Конечно, можно клеветать
На сына и на мать,
Учить других, как надо ждать
И как тебя спасать…
Чтоб я ждала, ты не просил
И не учил, как ждать,
Но я ждала всей силой сил,
Как может только мать!
И в глубине своей души
Ты должен сознавать:
Они, мой друг, не хороши
Твои слова про мать.

О ней мне говорят и посторонние, что она не соответствует действительности…»

И на обороте этого листка дописка: «Это последнее мое письмо — я не могу больше писать в пустоту».

Мне было два года, и обижаться на «пусть забудут» мне было еще рано. Наверное, мать имела такое право, если читать стихи как письма или записку, но что-то выспреннее есть в такой «поэтической» реакции, тем более что два месяца спустя в открытке от 21 марта, после описания успеха на правительственном концерте романса на «Жди меня» композитора-орденоносца (так в открытке) Берлинского, мать не может сдержаться и добавляет: «А как мой ответ на „Жди“ — ведь не плохо, а?»

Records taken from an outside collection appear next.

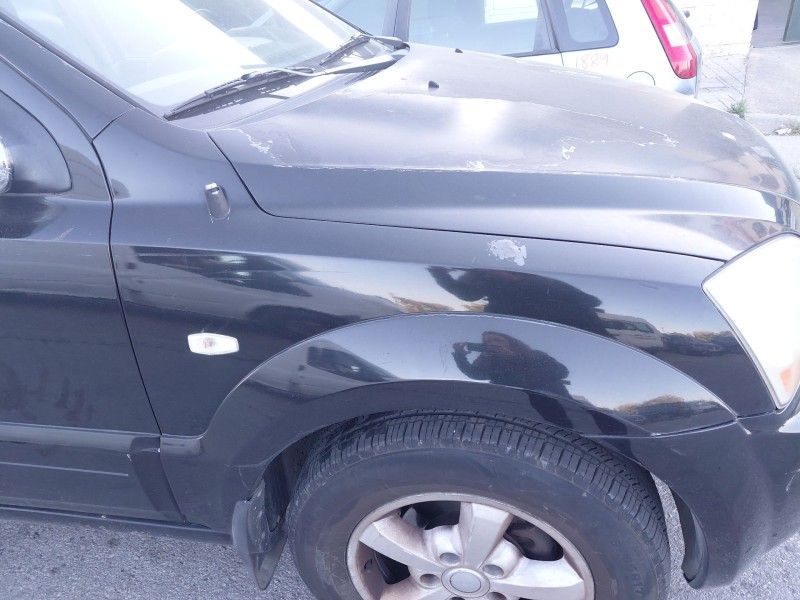 Recambio de aleta delantera derecha para kia sorento i (jc) 2.5 crdi referencia OEM IAM   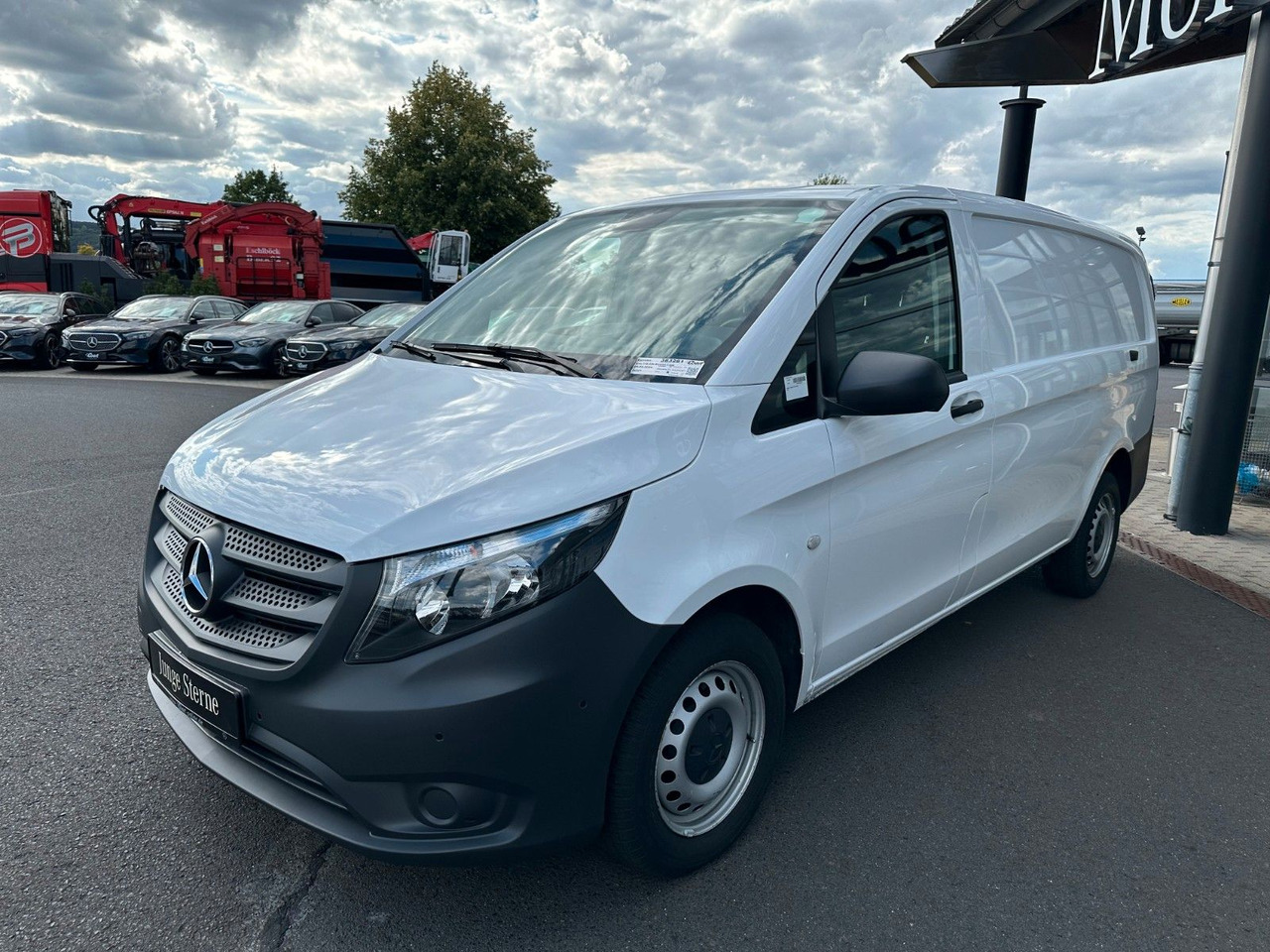 Mercedes-Benz Vito 116 CDI Klima Kamera Audio40 SHZ - Malá dodávka: obrázek 3 Mercedes-Benz Vito 116 CDI Klima Kamera Audio40 SHZ - Malá dodávka: obrázek 3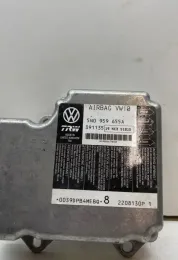 0039DPB4MEBQ блок управління AirBag (SRS) Volkswagen PASSAT B6 2007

Другое письмо — уже 1943 года:

«Я никогда не вижу из твоих писем, получил ли ты мои, читал ли их, дошли ли до тебя мои мысли, согласен ли ты с ними? Я писала тебе о своем впечатлении от стихотворения „Дом. Другу“, от романа… Я очень рада, что Володя Соловьев и Свердлин будут заняты в сценарии[3]. Кем будет Соловьев ясно, а Свердлин? Между прочим, я не знаю, насколько хорошо, что пьеса становится сценарием и роман тоже. „Фронт“, например, по-моему, в театре много лучше чем в кино, хотя кино — возможности и богаче, и шире. <…>

И, знаешь, публика не в восторге, когда кино повторяет уже известное. В этом отношении с „Парнем“ Столпер[4], ввел много нового, вплоть до дешевых Америк. Трюков, и поразил воображение, это правда, но обеднил содержание. Или не хватает уже пороха в пороховницах, и потому все двоится?! Интересно мне, насколько ты доработал роман в смысле языка и сокращений, а главное, кто редактор, чьи пометки на полях: спрашиваю без конца и все впустую.

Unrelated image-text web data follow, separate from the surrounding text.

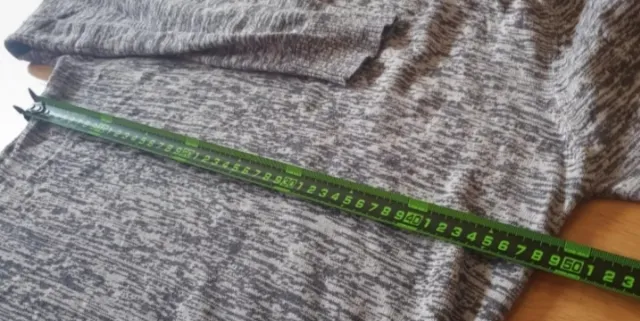 Jersey jaspeado gris talla L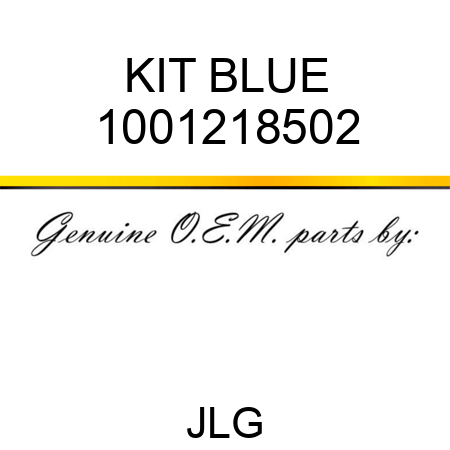 KIT BLUE 1001218502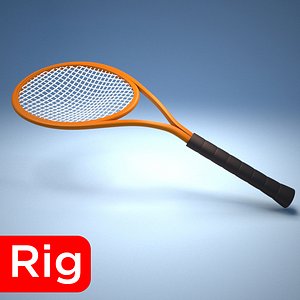 3D racket model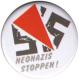 Zur Artikelseite von "Neonazis stoppen!", 37mm Button für 1,10 €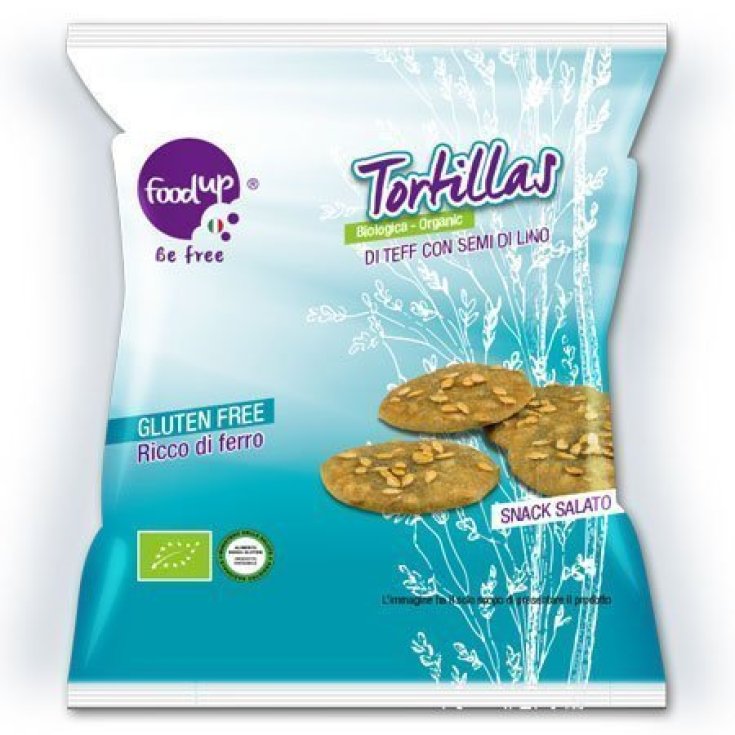 Tortillas Di Teff Con Semi Di Lino FoodUp 35g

Знаешь до чего дошел отец? Он по-моему совершенно перепутал наши роли былого времени по отношению к тебе и пишет: „Придется тебе пожить на Петровке до того, как подыщешь комнату по вкусу, — Кир. некогда этим заниматься“. Ему, видишь ли, нашлось место на Лен. Шоссе, а я, у кот. такой страх перед Петровкой, должна буду жить там и искать.

Ну, право, точно он — я, всю жизнь на тебя положившая, а я — он.

И вообще, хотя ты и пишешь успокоит. слова по поводу комнаты, это все совсем иначе, чем когда папа по приезде писал: принимаемся с Кир. за поиски.

И что это, любопытно, я смогу найти, если тебе, имеющему связи и знакомства, и возможность уплатить за комнату, это недоступно? Ведь чтобы оформить, надо подыскать или иметь что-либо».

вернуться

3

Очевидно и «роман» и «сценарий» — это недавно написанные «Дни и ночи».

вернуться

4

Фильм по пьесе «Парень из нашего города» режиссер А. Б. Столпер.